Can Gender Influence What We See, Hear, Smell, and Feel?
Research links gender and some sensory experiences.
Posted Feb 25, 2019
If you find yourself locked into an intense design-related debate with someone of another gender, the neuroscience-based findings that follow may be useful. They highlight a few ways that men and women differ in how they experience the world around themselves. First, a note: the research detailed below was generally conducted several years ago and asked people participating in studies to self-identify as female or male; it needs to be applied with that in mind.
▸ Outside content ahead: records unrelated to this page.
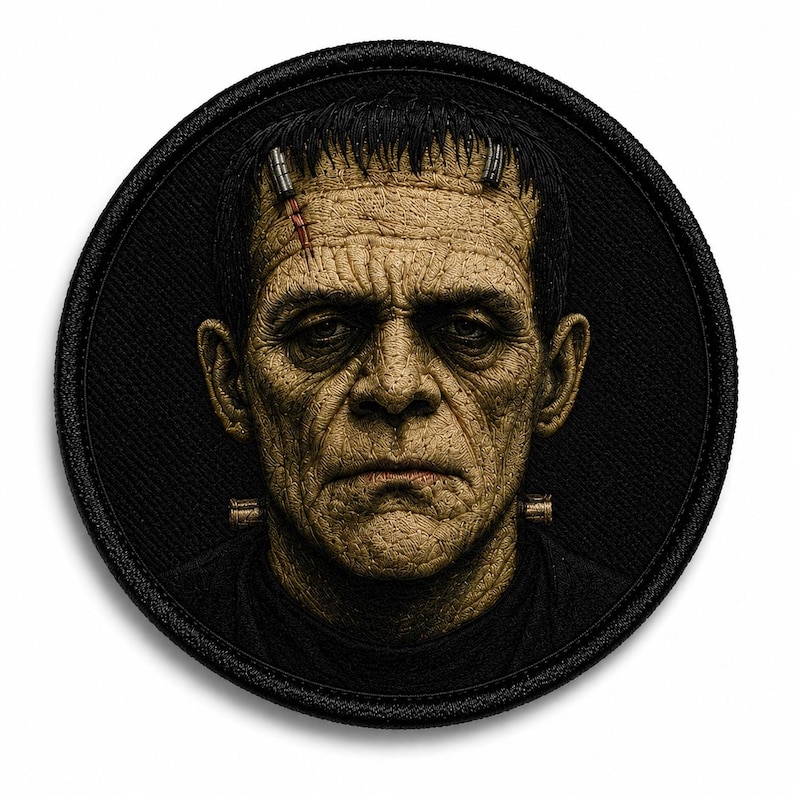 May include: A circular embroidered patch featuring a detailed portrait of Frankenstein's monster. The figure has textured, tan-colored skin, dark hair, a stitched forehead scar, and metallic neck bolts, all set against a solid black background.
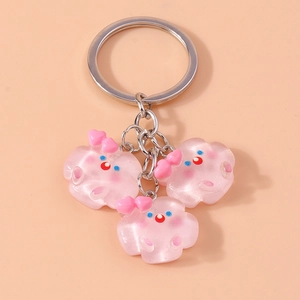 Vue détaillée de porte-clés pailletés rose avec anneau métallique sur fond orange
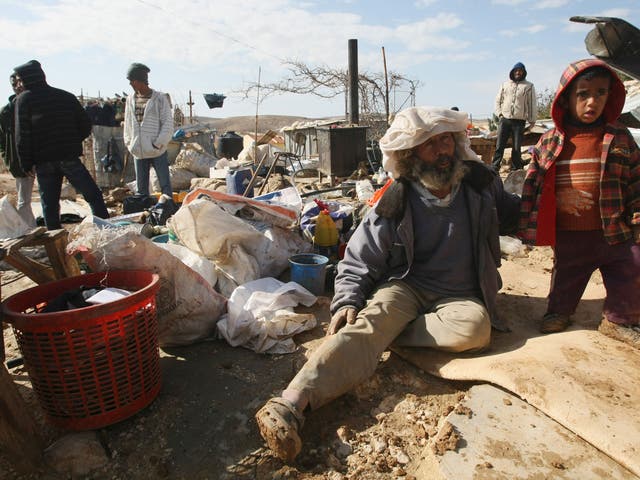Palestinians sit with their belongings after Israeli bulldozers destroyed their home;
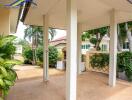 Covered outdoor area with supporting pillars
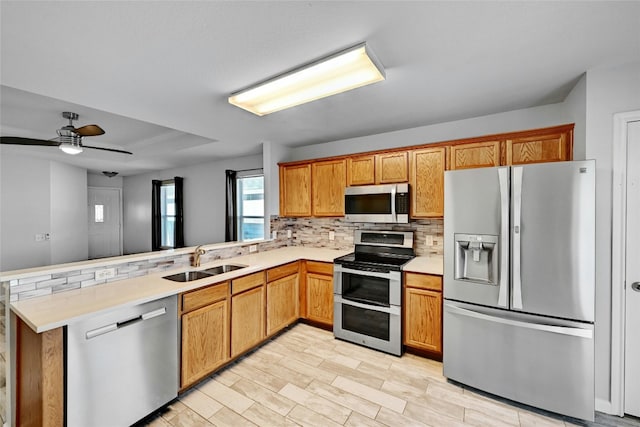 kitchen with sink, appliances with stainless steel finishes, light hardwood / wood-style floors, decorative backsplash, and kitchen peninsula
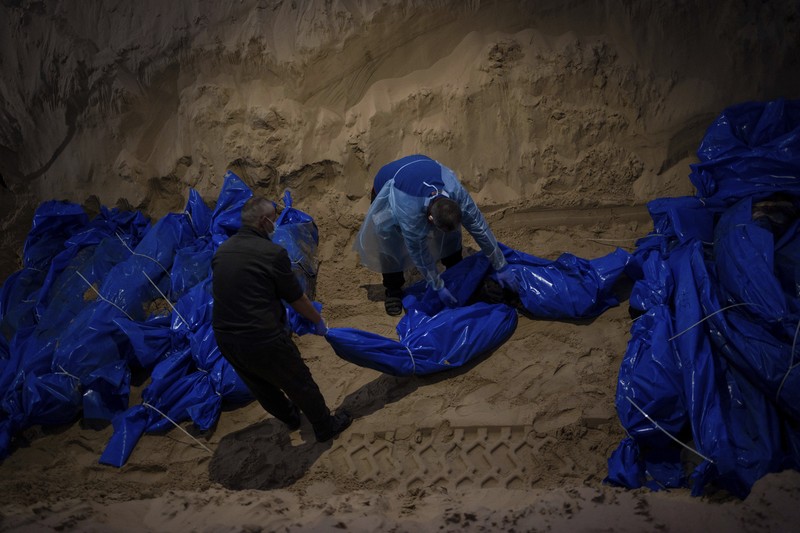 Petugas medis membongkar jenazah warga Palestina yang tewas dalam pertempuran dengan Israel dan diserahkan oleh militer Israel saat pemakaman massal di Rafah, Jalur Gaza, Selasa, 26 Desember 2023. (AP Photo/Fatima Shbair)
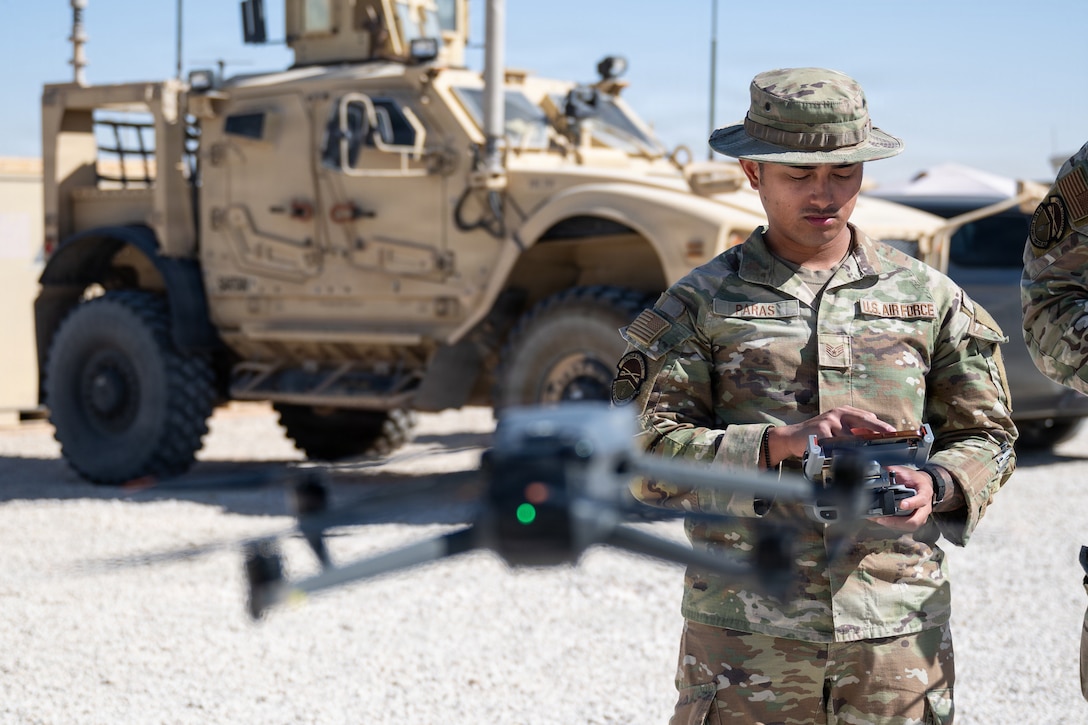 U.S. Air Force Staff Sgt. Joel Mar Paras, 378th Expeditionary Security Forces Squadron Red Air program manager, pilots an unmanned aircraft within the U.S. Central Command area of responsibility, Nov. 4, 2025. Paras advances the 378th ESFS’s modernization efforts by creating unmanned aircraft training that prepares defenders to identify and respond to potential threats to the installation. (U.S. Air Force photo by Senior Airman De’Quan Simmons)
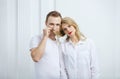 Young couple fooling around indoors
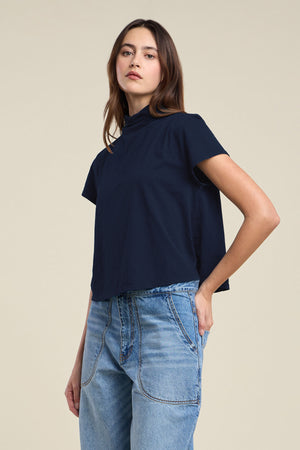 A woman wearing the SAVI TEE by Velvet by Graham & Spencer—a navy blue cotton slub tee with a boxy silhouette—paired with light blue high-waisted jeans, stands against a plain beige background.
- Women usually have a more acute sense of touch than men. A woman would generally, for example, be able to detect variations in textures that a man would not. This may explain why something, such as an upholstery fabric, might feel too rough for one partner but not another or why a finish on a surface might feel just right to one evaluator but uneven to another.
- Men don’t do as good a job at distinguishing one color from another as women do, but they, in turn, excel at tracking things that are moving rapidly, such as an annoying fly. Color “matches” that seem just right to some may thus be “just wrong” to others.
- Females usually prefer redder colors than males do and differentiate more effectively among redder shades than men.
- Women have a keener sense of smell than men. The same goes for hearing; women’s ears tend to do a better job at keeping tabs on the world around them than men’s.
- Gender has also been linked to how people prefer to use spaces. Women are generally happier speaking to people sitting in front of them while men get a boost from sitting beside whomever they’re talking with.
Knowing about differences in how women and men process sensory information can make design-related “dispute resolution” a little bit easier.